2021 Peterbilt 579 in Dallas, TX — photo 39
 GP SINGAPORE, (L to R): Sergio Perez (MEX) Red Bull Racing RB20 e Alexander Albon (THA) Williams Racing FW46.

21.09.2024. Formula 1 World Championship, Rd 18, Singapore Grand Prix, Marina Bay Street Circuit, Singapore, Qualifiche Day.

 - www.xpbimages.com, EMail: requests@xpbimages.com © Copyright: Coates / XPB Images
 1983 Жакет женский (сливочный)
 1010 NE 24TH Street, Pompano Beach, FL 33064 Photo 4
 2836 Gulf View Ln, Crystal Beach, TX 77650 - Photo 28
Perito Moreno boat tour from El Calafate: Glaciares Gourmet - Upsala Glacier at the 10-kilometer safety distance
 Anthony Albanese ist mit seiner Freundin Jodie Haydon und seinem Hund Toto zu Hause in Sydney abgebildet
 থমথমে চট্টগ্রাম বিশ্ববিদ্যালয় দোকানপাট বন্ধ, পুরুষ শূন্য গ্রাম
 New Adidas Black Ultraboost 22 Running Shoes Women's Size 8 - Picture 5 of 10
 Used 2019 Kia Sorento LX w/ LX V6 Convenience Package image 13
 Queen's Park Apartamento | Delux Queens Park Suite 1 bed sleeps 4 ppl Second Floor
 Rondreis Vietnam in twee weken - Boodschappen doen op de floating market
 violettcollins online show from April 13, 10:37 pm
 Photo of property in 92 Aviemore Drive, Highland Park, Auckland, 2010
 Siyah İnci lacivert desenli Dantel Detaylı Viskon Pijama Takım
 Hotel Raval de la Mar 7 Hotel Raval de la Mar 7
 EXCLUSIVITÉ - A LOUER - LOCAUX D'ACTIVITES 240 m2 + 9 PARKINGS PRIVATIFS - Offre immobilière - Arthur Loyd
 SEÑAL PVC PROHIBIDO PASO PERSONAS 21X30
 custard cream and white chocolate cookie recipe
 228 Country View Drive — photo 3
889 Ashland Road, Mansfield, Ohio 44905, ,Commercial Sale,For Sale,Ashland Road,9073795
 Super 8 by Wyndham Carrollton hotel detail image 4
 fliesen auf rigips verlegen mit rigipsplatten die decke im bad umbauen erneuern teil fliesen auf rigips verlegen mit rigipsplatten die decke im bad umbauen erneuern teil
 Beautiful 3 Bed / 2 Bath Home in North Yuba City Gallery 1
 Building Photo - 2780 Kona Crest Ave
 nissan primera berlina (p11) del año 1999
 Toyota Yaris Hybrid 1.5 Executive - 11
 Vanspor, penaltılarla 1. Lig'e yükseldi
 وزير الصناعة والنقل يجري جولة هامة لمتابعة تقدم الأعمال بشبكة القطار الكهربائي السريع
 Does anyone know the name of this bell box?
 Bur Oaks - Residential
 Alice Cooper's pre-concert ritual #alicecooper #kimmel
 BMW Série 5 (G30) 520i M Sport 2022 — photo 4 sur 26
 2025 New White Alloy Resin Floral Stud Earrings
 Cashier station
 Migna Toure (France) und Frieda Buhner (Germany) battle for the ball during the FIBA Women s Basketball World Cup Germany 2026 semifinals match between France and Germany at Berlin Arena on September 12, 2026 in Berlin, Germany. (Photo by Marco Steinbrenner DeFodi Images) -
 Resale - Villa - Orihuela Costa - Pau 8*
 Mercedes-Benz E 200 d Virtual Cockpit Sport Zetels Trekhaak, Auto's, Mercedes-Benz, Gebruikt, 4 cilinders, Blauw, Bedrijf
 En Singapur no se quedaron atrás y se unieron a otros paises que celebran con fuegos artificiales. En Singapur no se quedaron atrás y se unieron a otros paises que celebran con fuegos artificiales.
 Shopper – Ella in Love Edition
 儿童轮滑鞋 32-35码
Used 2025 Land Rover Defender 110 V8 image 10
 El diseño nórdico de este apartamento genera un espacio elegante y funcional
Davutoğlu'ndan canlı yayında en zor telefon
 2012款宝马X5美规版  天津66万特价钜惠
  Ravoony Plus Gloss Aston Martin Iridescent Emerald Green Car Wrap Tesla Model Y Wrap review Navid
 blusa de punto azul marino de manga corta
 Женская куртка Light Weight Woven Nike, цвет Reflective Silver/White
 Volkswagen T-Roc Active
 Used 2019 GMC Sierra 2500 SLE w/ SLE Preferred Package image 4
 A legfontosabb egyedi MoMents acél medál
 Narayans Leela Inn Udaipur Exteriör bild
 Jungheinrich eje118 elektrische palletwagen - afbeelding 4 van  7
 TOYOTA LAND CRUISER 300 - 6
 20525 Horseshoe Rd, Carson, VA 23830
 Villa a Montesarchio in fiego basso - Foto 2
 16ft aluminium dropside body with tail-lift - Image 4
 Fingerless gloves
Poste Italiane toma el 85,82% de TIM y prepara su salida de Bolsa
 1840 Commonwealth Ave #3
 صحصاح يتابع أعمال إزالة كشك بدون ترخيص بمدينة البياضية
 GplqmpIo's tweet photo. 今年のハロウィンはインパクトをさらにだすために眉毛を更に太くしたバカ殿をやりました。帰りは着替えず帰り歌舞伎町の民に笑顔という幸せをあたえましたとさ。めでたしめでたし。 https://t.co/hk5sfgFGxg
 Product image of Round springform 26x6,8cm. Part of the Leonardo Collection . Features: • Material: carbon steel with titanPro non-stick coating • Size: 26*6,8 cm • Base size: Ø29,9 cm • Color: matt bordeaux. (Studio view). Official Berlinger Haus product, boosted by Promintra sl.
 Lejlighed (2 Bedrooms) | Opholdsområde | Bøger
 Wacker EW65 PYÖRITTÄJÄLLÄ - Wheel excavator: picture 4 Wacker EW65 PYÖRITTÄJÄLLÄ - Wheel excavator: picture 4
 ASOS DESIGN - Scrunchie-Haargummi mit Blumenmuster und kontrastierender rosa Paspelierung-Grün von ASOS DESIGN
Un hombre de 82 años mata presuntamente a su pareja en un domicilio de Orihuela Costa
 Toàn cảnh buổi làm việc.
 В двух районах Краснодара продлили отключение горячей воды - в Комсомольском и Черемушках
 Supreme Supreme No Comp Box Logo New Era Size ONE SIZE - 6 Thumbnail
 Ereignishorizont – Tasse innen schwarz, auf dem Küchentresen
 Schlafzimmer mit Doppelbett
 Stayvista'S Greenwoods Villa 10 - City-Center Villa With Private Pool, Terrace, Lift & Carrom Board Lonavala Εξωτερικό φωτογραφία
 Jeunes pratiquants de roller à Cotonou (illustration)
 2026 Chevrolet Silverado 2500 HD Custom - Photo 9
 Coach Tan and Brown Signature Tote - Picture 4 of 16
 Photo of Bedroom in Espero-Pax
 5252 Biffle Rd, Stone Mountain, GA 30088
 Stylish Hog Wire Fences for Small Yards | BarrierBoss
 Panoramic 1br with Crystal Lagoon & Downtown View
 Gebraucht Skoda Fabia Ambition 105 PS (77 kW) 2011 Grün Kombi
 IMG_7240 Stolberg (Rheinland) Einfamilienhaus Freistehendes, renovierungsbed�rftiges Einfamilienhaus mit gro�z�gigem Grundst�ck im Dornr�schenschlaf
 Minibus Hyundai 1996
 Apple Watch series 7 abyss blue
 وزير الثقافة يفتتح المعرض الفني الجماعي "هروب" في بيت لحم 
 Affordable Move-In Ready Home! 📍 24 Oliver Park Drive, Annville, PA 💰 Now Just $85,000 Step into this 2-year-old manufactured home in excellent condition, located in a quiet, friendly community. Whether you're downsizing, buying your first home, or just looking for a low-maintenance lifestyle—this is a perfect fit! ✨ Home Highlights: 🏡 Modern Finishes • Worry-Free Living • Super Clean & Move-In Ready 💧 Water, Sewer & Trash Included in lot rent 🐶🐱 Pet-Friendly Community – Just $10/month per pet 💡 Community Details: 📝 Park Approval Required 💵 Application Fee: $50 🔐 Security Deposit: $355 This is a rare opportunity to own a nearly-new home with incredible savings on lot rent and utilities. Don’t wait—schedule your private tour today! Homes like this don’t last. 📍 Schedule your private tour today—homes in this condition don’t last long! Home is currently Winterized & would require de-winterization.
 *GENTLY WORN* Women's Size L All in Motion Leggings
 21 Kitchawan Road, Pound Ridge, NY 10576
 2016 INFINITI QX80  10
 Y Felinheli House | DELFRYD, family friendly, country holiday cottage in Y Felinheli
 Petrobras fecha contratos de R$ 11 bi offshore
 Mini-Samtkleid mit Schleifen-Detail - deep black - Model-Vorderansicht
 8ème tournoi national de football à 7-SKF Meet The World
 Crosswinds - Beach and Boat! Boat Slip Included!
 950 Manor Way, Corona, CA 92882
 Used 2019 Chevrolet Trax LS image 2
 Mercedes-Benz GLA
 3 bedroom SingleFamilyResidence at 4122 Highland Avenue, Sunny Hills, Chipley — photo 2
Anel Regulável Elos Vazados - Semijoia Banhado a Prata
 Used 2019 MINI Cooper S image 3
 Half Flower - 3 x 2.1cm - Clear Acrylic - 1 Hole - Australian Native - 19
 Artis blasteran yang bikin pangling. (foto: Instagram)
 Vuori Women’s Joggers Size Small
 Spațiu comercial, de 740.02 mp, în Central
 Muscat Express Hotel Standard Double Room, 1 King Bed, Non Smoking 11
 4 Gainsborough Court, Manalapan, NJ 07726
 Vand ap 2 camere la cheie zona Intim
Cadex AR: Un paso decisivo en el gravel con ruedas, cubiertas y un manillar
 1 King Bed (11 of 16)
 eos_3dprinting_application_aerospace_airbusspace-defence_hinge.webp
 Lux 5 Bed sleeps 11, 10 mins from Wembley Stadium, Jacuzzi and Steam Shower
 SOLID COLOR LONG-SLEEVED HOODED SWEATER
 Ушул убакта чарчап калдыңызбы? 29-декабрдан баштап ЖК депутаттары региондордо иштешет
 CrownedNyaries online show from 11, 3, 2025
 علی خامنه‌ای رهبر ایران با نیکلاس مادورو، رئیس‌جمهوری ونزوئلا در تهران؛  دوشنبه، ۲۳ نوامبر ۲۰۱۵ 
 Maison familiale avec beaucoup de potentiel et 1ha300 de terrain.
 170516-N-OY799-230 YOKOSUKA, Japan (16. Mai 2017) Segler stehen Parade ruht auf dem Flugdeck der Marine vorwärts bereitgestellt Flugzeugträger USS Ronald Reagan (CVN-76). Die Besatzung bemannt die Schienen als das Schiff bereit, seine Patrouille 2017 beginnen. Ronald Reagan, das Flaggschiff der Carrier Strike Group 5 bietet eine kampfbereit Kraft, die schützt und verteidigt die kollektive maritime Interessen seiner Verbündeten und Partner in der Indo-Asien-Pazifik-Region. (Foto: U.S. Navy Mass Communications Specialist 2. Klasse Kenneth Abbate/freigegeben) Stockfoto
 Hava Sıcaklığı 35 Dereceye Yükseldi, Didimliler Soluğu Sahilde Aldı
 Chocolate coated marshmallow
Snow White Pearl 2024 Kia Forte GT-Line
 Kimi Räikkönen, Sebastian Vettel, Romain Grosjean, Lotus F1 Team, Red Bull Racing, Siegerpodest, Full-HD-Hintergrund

→ **WHAT TO WORK ON**:
The answer is the run of lines above from the line containing "erneuern teil fliesen" through the line containing "儿童轮滑鞋 32-35码", copied exactly and alone.

→ **YOUR RESPONSE**:
 fliesen auf rigips verlegen mit rigipsplatten die decke im bad umbauen erneuern teil fliesen auf rigips verlegen mit rigipsplatten die decke im bad umbauen erneuern teil
 Beautiful 3 Bed / 2 Bath Home in North Yuba City Gallery 1
 Building Photo - 2780 Kona Crest Ave
 nissan primera berlina (p11) del año 1999
 Toyota Yaris Hybrid 1.5 Executive - 11
 Vanspor, penaltılarla 1. Lig'e yükseldi
 وزير الصناعة والنقل يجري جولة هامة لمتابعة تقدم الأعمال بشبكة القطار الكهربائي السريع
 Does anyone know the name of this bell box?
 Bur Oaks - Residential
 Alice Cooper's pre-concert ritual #alicecooper #kimmel
 BMW Série 5 (G30) 520i M Sport 2022 — photo 4 sur 26
 2025 New White Alloy Resin Floral Stud Earrings
 Cashier station
 Migna Toure (France) und Frieda Buhner (Germany) battle for the ball during the FIBA Women s Basketball World Cup Germany 2026 semifinals match between France and Germany at Berlin Arena on September 12, 2026 in Berlin, Germany. (Photo by Marco Steinbrenner DeFodi Images) -
 Resale - Villa - Orihuela Costa - Pau 8*
 Mercedes-Benz E 200 d Virtual Cockpit Sport Zetels Trekhaak, Auto's, Mercedes-Benz, Gebruikt, 4 cilinders, Blauw, Bedrijf
 En Singapur no se quedaron atrás y se unieron a otros paises que celebran con fuegos artificiales. En Singapur no se quedaron atrás y se unieron a otros paises que celebran con fuegos artificiales.
 Shopper – Ella in Love Edition
 儿童轮滑鞋 32-35码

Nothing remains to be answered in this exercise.